Wednesday, July 23, 2014

Cooking: Sesame Noodles

The sesame noodles I made for the potluck were relatively easy to make. In fact, much like Italian pasta, it involved a quick sauce then tossing it with freshly cooked noodles.

For the noodles, I purchased Shanghai wheat based noodles. But really any thin noodle would work well here. Just don't use vermicelli. I don't think that would be very good.
The sauce called for scallions, szechuan peppercorns, red pepper flakes, sesame seeds, and oil.
These were slowly cooked until the oil is infused with the heat and the scallion break down.
Now is a good time to mix up your tahini.
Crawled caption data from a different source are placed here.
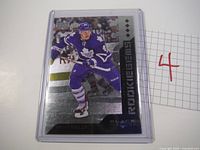 Photo of Morgan Reilly hockey card from 2013 Upper Deck Black Diamond Rookie Gems series, showing him in Toronto Maple Leafs blue uniform.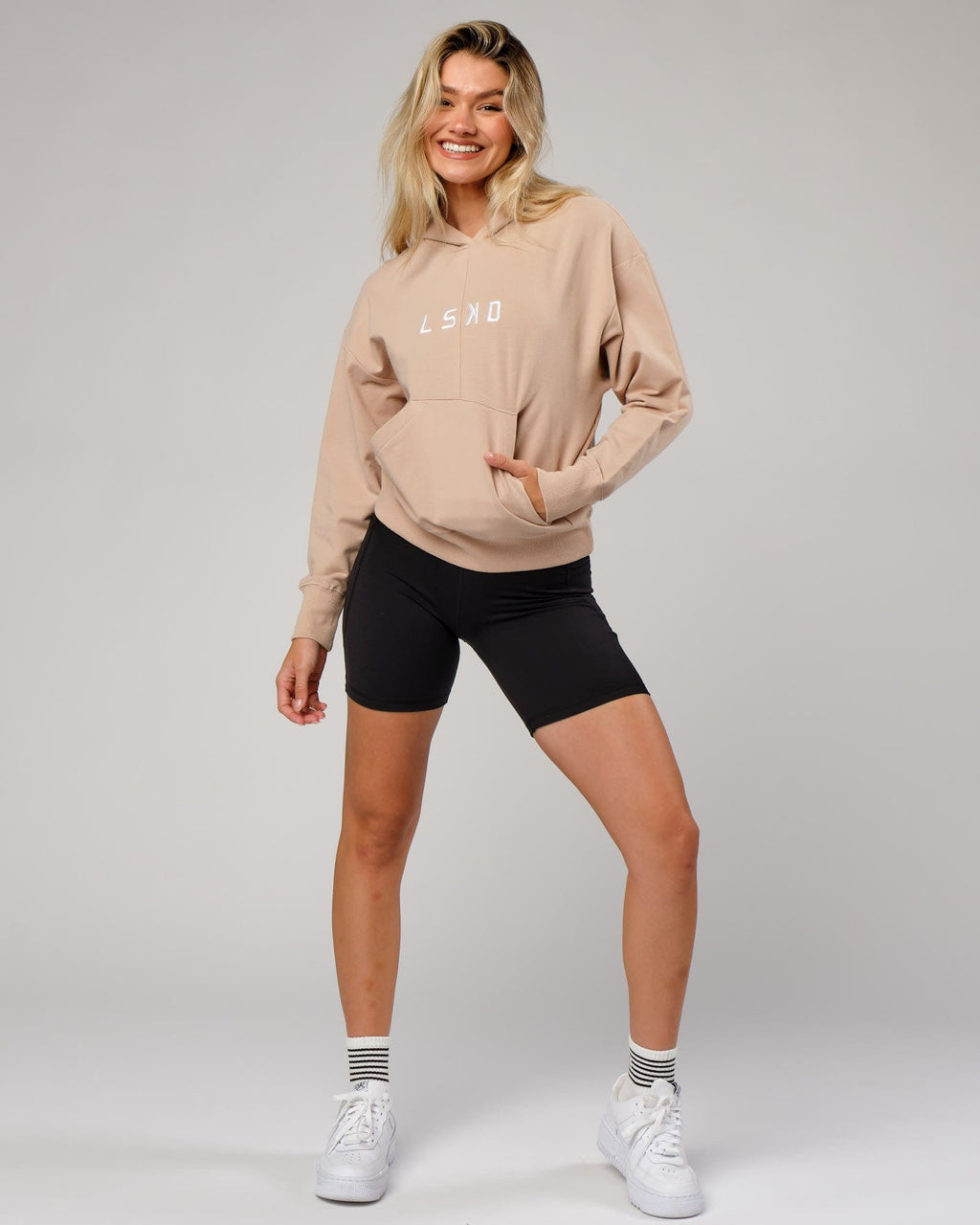 Model wearing Divide Hoodie - Nude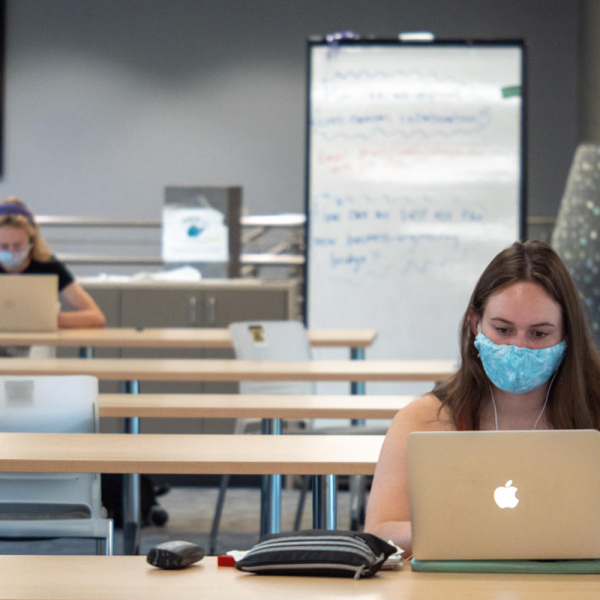 Students do work on computers while socially distanced and wearing masks.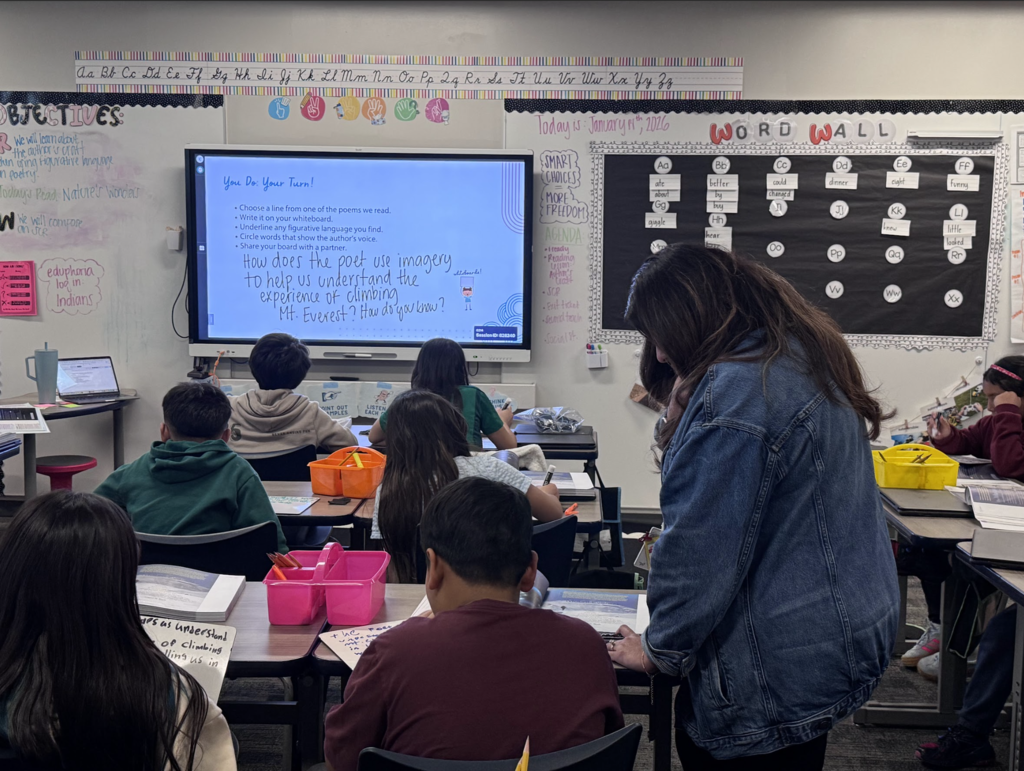 Classroom with students seated at desks. An instructor stands by the front wall with a whiteboard and screen.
Tahini can, and will, separate in the container that it's sitting in. Just give it a good mix before you use it. It's similar to natural peanut butter.
Cook your noodles according to the package, drain, and place in large pot or bowl.
Add your tahini and peppercorn oil. Toss generously until the sauce covers every strand. If the noodles become too sticky, add some of the noodle water to loosen it up. And voila! Serve immediately, if possible.

The recipe below is an adaptation of Bon Apetit's Sesame Noodles with Chili Oil and Scallions

Sesame Noodles

12 oz thin noodles
4 scallions, thinly sliced
1/2 cup vegetable oil
1 tbsp red pepper flakes
2 tsp sesame seeds
2 tsp Sichuan pepper, coarsely chopped
1/4 cup tahini
1/4 cup unseasoned rice vinegar
3 tbsp soy sauce
2 tsp toasted sesame oil
1 tsp sugar

1. Cook scallions, vegetable oil, red pepper flakes, sesame seeds, and pepper in a small saucepan over low heat. Stir occasionally until oil is sizzling and scallions are golden brown, about 12–15 minutes. Let chili oil cool in saucepan.
2. Meanwhile, cook noodles in a large pot of salted boiling water according to package directions. Rinse under cold water and drain well.
3. Whisk tahini, vinegar, soy sauce, sesame oil, sugar, and cooked chili oil in a large bowl. Season with salt. Add noodles and toss to coat.